Since I am hardly an expert on the cryptography involved here, I will mostly be quoting this great post on the cLabs Engineering Blog about Plumo.

Plumo is a zero-knowledge SNARK based syncing protocol that takes the “lightest sync” mode to the next level. By reducing the time and data needed to sync the blockchain by multiple orders of magnitude, Plumo enables even the most resource constrained mobile devices to transact trustlessly on the Celo network.

The SNARK at the heart of Plumo enables light clients to sync with the Celo network via ultra-light sync mode. A single SNARK generated by the Plumo protocol can verify over 100 epoch headers instantaneously, allowing light clients to verify this in a quick, light, and trustless way. This results in sync speeds that are orders of magnitude faster, with improvements in the amount of data you need to sync with the Celo network by a factor of around 1,000,000 relative to other networks.

Plumo is one of the largest SNARKs to be deployed. Internally, it proves the correctness of the evolution of Celo epochs, just as a light client would have seen. This means that essentially it proves the light client protocol. It does this through verifying over 100 BLS signatures that use a combination of a Bowe-Hopwood variant of a Pedersen hash and Blake2s for its hash to curve, and performs the consistency checks of validator elections, asserting that ⅔ of the validator set agreed on the next set. Plumo uses the two-chain of BLS12–377 and BW6 to create BW6 proofs that ultra-light clients verify. This allows them to verify a large number of epochs by verifying a single SNARK proof.

The SNARK requires one final step before it can go live on mainnet — the Plumo MPC Ceremony, which requires the help of Celo friends and community.

What is Espero?

Espero is the proper noun used to describe the Plumo Ceremony, again quoting from the blog post:

A Multi-Party-Computation (MPC) is a cryptographic mechanism for different parties to jointly perform a computation. SNARK circuits require a “trusted setup” where parties work together to generate shared parameters that can be used to prove and verify SNARKs. If one person ran this setup, then they could potentially prove incorrect things by exploiting a backdoor in the circuit. However, with an MPC, this setup process is split amongst tens or hundreds of contributors, and if even one of the participants is honest (keeps their inputs private), then the system will be secure.

In the case of the Plumo Ceremony, this collective computation will be a series of joint actions done by a group of participants from within the Celo community and beyond. They will be working to perform an MPC that secures the SNARK proving the Plumo ultralight client protocol.

Espero improves on top of the existing MPC implementations by introducing the option of optimistic parallel computation. This is possible since contributions are commutative. As in, it doesn’t matter in which order participants contribute. Additionally, elements being contributed to can also be worked on independently of one another. Utilizing these properties, Espero divides the contributions into smaller chunks on which participants work in parallel. That works well as long as all the participants contribute to all of the chunks.

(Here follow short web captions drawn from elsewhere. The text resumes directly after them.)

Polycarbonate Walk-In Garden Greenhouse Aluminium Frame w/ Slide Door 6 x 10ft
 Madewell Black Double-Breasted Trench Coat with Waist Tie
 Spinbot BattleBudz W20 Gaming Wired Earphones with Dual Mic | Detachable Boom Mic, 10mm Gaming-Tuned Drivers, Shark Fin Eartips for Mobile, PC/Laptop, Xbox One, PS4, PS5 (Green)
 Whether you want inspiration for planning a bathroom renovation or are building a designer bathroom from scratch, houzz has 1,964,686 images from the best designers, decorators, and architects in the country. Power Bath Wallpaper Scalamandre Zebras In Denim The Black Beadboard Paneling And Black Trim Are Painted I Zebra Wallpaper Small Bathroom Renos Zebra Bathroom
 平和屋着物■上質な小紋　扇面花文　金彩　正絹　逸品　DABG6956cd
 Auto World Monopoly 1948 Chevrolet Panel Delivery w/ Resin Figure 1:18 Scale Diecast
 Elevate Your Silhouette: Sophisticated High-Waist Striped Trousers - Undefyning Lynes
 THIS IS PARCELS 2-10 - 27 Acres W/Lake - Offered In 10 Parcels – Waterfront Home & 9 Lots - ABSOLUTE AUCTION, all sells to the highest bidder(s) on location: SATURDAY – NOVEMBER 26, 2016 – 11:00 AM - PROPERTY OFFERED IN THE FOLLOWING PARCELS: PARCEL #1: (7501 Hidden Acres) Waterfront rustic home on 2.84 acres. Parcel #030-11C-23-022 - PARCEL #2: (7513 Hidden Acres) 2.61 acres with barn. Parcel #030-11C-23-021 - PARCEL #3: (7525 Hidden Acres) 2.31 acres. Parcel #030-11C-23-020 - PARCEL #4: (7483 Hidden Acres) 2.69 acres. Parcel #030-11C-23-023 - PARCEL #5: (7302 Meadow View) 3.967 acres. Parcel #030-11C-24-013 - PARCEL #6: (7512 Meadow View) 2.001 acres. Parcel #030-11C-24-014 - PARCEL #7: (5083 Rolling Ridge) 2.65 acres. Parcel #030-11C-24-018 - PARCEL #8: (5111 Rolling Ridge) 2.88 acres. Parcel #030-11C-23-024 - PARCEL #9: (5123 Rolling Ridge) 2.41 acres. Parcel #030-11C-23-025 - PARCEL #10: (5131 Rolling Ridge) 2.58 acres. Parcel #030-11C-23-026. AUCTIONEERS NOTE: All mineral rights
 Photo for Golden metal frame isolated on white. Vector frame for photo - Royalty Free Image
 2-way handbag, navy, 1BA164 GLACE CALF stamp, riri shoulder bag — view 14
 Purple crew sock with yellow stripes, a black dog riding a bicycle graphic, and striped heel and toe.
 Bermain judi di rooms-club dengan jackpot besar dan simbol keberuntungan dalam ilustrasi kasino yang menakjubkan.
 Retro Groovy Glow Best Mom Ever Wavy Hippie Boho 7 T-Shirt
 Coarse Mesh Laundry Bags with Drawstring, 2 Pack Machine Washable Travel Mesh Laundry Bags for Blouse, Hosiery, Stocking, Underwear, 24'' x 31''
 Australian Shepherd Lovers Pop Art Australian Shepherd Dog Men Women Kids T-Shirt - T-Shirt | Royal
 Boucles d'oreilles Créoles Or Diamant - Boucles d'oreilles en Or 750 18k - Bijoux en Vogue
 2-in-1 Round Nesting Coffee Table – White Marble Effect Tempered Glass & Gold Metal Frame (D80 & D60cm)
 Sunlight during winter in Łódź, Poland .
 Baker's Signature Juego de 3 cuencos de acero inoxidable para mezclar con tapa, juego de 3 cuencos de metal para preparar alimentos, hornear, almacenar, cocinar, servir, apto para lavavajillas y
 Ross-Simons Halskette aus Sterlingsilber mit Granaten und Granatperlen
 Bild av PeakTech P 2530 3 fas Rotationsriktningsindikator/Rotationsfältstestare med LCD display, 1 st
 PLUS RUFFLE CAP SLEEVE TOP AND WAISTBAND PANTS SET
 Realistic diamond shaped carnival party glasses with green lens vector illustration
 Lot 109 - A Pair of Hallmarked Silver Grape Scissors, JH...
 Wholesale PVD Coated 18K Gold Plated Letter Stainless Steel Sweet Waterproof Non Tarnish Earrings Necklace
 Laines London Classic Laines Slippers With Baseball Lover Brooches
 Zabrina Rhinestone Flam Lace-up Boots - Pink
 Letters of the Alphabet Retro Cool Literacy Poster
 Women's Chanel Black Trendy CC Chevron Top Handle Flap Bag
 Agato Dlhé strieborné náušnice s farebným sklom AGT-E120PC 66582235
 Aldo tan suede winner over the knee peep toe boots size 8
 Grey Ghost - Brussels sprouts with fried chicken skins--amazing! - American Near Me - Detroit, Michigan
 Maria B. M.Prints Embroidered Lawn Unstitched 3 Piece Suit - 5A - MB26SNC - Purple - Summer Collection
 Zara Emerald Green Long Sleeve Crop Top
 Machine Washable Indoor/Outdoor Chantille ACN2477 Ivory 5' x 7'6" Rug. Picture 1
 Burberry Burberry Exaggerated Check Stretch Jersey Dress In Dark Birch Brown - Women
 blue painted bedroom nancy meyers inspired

As usual, there’s no free lunch. If even one of the participants decides to stop contributing or maliciously makes a bad contribution, the whole set of contributions that were produced in parallel must be thrown away. This is an organizational consideration that must be made, but there is no risk to security since everything is verifiable. This kind of trade off makes sense when the parameter size is large and you want to make quick progress, but are willing to do more work as the coordinator of the setup to gain confidence that participants will complete their contribution across all the chunks.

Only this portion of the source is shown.